Saturday, December 6, 2014

Xicana Printmakers

For this week's reading, Where are the Chicana Printmakers?, art historian Holly Barnet-Sanchez explains how Xicana artists used art as a medium of expressing their commonalities. These commonalities included "their struggles against racism, classism, sexism, homophobia, and ethnocentrism" (118). Through their printmaking, these artists exhibited their agency as subjugated women which consequently granted them a space for other women of color to relate and see themselves as the women in the prints. In our class presentations, we saw examples of the issues that Barnet-Sanchez brought to light. One of the notable prints that was presented in class and in the reading was by Barbara Carrasco with Pregnant Woman in a Ball of Yarn from 1978. Barnet-Sanchez comments how this print shows the "restrictive roles of sexuality" (130) by having the woman's hair wrap around her mouth and eyes. I personally felt very drawn to the calendar art of Patricia Rodriguez for the very reasons that Barnet-Sanchez mentions. We are immediately told that the women in Rodriguez's calendar art are not portrayed in the typical seductive "pin-up" manner that most people are used to seeing.

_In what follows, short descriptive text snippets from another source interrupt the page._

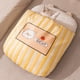thumbnail image 1 of Cama para gatos cálida de invierno, cama semicerrada para gatos, colchoneta para dormir para perros/cama para mascotas, cama para gatos suave y plegable de tela para interiores, 1 of 6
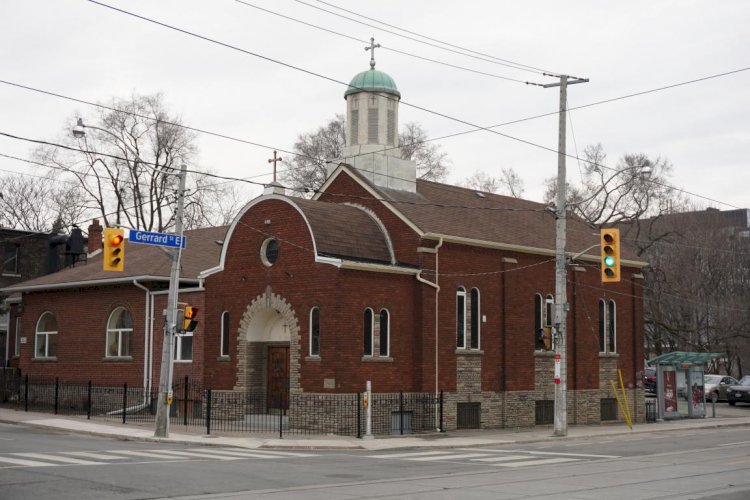 Црква Светог Саве у Торонту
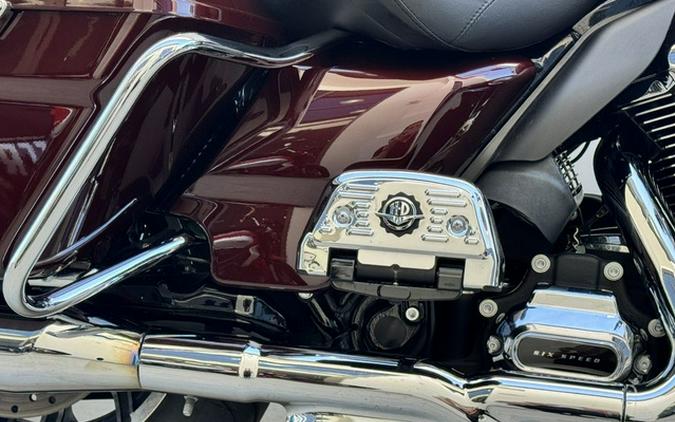 2018 Harley-Davidson Touring FLHR - Road King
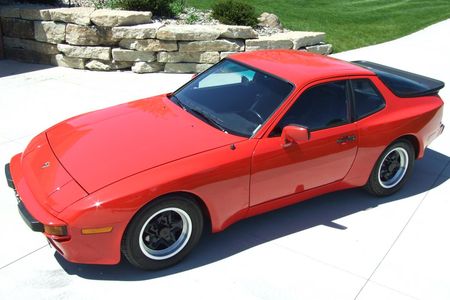Porsche 944s For Sale Hemmings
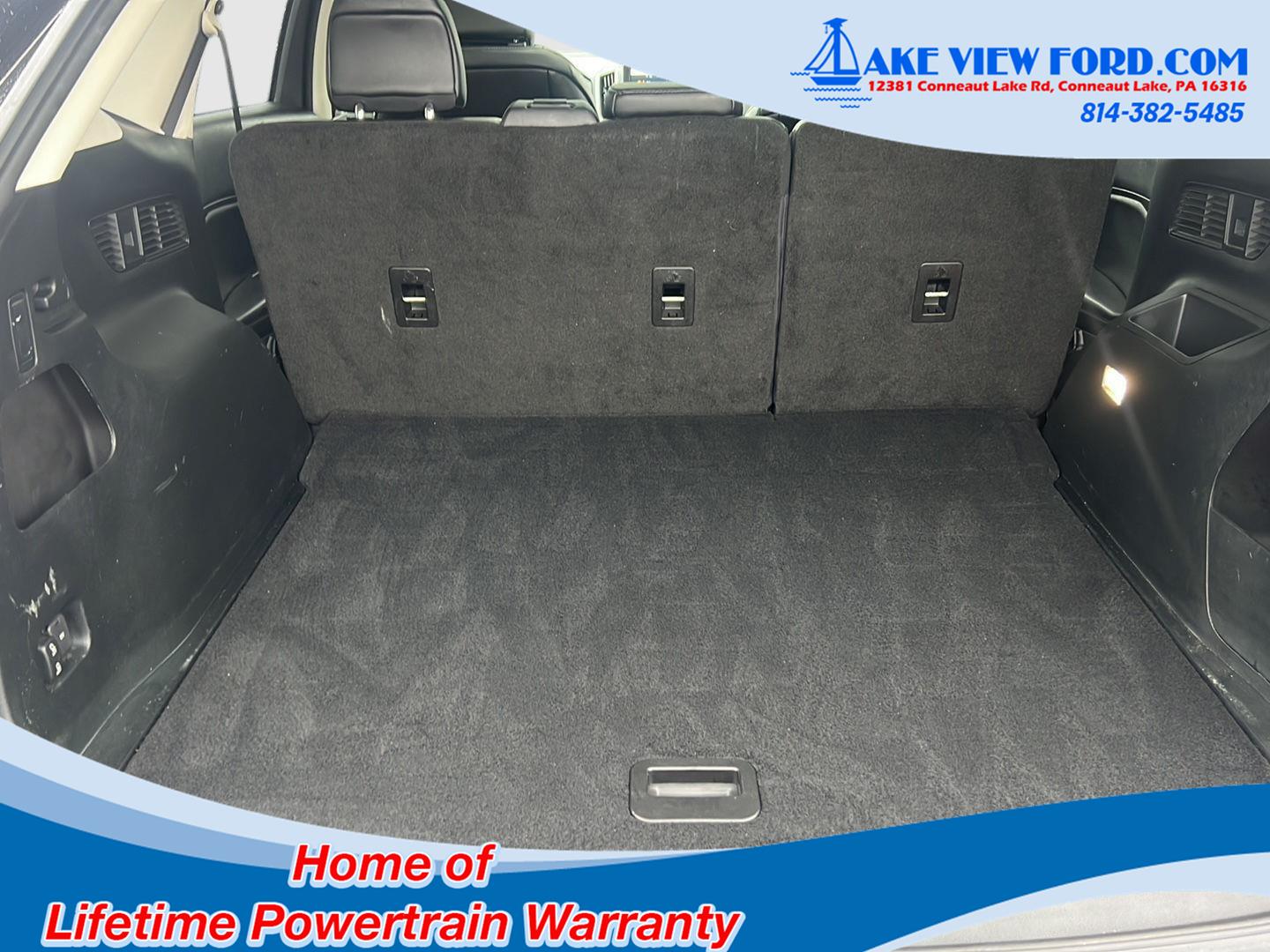 2023 Ford Edge SEL at McCandless Ford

Rodriguez's Josefa-Juanita series illustrates the life of a physically and emotionally abused woman. She is described as "looking down, lost in thought, oblivious to her surroundings" (128) with very obvious bruising on her face. Although, these are very difficult subjects to talk about, we must critically engage in dialogue about it instead of simply observing at the artwork and feeling sad for the woman in the art. The women in the art suffer from double subjugation for being women and  women of color. This double subjugation is the reason for their silence in the home and their invisibility in society. The article is significant because it allows us to have a dialogue when there was no dialogue before.